Exercising is essential not only to lose weight, but also to have good physical and mental health.. Of course, the exercise must be complemented with a balanced and healthy diet. But, focusing on exercise, how much do you have to do to lose fat? Although there is no infallible formula or a miraculous training program to lose weight in record time, there are a series of keys that can be of great help.

There is a popular belief that only cardio is effective for sweating and thus losing fat. However, experts recommend prioritizing strength training. HIIT is an excellent alternative to burn fat not only during exercise, but also at rest.

strength and cardio

“By pushing hard early in the session, we’re going to use glycogen stores for energy. As we empty these deposits, the way of oxidation of fats to obtain energy comes into play. If we do cardio following strength training, we will start burning fat directly since we will have previously emptied the glycogen stores”explain it trainer Sandra Lordén Álvarez to ‘Vogue’ magazine.
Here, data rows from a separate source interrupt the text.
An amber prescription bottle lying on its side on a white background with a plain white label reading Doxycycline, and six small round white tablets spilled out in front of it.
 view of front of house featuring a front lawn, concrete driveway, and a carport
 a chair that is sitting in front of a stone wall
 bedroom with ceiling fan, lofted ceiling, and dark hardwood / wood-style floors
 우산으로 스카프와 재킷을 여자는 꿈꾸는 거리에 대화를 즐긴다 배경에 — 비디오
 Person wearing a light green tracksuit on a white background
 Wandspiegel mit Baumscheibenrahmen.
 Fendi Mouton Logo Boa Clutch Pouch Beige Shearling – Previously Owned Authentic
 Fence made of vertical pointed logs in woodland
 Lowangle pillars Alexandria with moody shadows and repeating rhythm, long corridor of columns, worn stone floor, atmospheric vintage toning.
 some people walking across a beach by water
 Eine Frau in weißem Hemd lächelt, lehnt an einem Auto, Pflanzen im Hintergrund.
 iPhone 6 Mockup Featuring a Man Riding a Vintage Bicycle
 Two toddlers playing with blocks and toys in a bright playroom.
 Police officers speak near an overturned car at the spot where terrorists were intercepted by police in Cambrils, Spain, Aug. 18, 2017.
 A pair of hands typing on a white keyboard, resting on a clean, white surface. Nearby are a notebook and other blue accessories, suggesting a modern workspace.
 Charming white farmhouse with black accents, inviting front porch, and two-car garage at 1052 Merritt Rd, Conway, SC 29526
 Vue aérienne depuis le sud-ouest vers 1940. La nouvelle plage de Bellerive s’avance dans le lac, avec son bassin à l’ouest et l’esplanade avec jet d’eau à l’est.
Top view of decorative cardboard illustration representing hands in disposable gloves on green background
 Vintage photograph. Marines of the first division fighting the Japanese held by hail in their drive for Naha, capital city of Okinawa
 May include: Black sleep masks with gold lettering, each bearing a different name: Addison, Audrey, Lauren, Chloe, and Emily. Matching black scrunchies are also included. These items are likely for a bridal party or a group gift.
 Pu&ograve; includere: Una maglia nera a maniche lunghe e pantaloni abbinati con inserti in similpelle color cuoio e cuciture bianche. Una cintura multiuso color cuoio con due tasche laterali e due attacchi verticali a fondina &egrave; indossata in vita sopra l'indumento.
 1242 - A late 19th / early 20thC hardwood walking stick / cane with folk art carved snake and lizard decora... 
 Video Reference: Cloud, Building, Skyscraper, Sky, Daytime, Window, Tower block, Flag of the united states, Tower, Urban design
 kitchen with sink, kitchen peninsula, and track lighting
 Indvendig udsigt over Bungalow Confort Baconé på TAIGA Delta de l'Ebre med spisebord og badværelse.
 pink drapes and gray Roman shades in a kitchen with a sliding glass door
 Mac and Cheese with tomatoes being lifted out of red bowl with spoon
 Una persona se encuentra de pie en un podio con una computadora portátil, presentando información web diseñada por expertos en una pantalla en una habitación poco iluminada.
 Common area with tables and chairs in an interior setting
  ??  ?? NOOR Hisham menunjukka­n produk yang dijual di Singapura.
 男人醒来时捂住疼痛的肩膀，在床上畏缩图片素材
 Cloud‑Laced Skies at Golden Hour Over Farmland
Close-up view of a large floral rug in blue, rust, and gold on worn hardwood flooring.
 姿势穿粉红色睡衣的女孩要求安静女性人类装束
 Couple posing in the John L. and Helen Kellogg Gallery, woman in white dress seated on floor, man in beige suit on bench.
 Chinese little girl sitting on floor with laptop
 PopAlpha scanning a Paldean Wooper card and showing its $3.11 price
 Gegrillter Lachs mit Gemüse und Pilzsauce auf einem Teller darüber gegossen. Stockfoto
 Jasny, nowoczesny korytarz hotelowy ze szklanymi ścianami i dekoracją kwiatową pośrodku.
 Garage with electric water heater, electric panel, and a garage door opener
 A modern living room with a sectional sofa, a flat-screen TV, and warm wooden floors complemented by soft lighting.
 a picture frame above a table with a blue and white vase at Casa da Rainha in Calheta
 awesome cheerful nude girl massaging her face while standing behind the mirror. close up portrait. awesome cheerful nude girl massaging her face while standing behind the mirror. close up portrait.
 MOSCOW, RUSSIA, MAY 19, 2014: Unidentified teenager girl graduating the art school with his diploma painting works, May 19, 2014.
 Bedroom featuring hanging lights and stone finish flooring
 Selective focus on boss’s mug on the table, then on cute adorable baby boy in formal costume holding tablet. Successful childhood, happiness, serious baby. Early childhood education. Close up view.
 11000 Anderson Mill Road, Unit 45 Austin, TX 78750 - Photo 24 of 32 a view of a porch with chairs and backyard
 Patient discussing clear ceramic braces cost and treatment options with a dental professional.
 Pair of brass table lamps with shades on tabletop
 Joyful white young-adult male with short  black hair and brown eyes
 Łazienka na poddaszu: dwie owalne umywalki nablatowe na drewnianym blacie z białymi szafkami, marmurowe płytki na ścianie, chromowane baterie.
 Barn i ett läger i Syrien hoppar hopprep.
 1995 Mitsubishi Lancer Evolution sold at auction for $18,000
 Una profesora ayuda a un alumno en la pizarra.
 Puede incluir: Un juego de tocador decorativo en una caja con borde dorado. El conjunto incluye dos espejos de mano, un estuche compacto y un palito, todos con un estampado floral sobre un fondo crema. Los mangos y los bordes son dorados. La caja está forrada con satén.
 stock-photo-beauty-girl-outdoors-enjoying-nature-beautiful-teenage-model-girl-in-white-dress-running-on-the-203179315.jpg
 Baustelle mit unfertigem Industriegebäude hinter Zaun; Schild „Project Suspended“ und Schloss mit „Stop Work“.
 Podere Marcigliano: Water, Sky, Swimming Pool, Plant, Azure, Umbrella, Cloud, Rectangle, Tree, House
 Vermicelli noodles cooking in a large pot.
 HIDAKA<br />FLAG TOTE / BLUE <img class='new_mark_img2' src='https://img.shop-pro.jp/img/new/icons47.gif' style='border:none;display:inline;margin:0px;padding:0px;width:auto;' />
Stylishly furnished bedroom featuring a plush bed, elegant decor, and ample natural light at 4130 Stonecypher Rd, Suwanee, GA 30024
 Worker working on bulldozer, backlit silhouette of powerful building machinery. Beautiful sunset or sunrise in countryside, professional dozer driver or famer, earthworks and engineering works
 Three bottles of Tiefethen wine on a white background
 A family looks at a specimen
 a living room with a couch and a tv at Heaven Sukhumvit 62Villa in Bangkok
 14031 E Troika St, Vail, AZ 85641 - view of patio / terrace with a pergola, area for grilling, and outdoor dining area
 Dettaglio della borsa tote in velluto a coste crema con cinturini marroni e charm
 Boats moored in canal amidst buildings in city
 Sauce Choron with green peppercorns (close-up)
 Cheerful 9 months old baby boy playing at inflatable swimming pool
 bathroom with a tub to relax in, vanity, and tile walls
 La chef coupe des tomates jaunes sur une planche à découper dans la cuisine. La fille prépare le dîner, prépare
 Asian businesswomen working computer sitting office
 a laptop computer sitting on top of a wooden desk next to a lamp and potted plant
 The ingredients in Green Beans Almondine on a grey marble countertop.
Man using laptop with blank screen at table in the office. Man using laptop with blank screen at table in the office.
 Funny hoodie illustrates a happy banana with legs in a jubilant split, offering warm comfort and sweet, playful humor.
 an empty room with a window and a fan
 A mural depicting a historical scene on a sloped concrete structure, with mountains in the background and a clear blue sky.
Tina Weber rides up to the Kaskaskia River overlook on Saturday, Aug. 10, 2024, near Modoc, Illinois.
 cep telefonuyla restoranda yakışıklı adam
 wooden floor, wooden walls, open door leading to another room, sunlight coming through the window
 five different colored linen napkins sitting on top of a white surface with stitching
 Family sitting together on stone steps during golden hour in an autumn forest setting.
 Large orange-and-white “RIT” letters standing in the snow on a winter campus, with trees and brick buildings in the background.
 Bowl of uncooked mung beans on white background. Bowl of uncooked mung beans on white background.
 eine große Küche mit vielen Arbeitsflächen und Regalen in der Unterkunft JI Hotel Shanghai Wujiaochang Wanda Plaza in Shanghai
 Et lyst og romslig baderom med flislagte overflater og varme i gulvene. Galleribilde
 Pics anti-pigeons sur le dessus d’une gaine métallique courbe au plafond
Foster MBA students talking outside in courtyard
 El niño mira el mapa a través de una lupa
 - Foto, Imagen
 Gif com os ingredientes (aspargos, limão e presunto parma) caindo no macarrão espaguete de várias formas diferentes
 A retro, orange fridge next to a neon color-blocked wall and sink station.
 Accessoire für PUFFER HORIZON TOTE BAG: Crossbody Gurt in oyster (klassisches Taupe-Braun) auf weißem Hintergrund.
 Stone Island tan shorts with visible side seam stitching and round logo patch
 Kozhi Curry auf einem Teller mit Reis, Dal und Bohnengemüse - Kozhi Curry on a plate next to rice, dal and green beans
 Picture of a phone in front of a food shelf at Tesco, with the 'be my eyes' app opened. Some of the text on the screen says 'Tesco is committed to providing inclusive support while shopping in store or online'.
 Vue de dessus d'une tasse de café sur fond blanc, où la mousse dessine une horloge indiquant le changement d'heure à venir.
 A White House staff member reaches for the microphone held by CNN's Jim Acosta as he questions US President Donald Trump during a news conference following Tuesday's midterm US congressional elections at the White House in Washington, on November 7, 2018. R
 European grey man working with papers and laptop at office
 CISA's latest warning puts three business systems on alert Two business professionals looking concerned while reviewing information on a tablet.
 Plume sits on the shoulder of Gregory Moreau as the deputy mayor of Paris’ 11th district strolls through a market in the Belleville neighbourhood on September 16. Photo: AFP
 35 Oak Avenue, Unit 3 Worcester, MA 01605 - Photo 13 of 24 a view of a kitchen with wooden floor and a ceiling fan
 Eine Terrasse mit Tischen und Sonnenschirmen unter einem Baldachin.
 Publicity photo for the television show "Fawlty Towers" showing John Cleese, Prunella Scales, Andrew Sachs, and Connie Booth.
Therefore, the ‘perfect formula’ to exercise and lose weight is as follows. First, spend five to ten minutes warming up to avoid injury. Next, do forty-five minutes of strength exercises and finally, do fifteen minutes of high-intensity cardio.

HIIT

El High Intensity Interval Training (HIIT), o High Intensity Interval Training, is defined as repeated periods of high intensity exercise interspersed with periods of low intensity or absolute rest. It can be applied to all kinds of activities, such as treadmill or suspension training, for example, and allows you to vary the exercises, as well as the activity and rest times.

Los circuit intervals They are divided as follows: a maximum effort phase of one minute in which you train with great intensity, and another of lesser effort that serves as a recovery and that can last one or two minutes. The benefits of HIIT are extensive: it improves heart and lung capacity, increases endurance, burns fat without losing muscle mass, and the body continues to burn calories several hours following training.

It is essential that the training is planned by a personal trainer to achieve the desired results.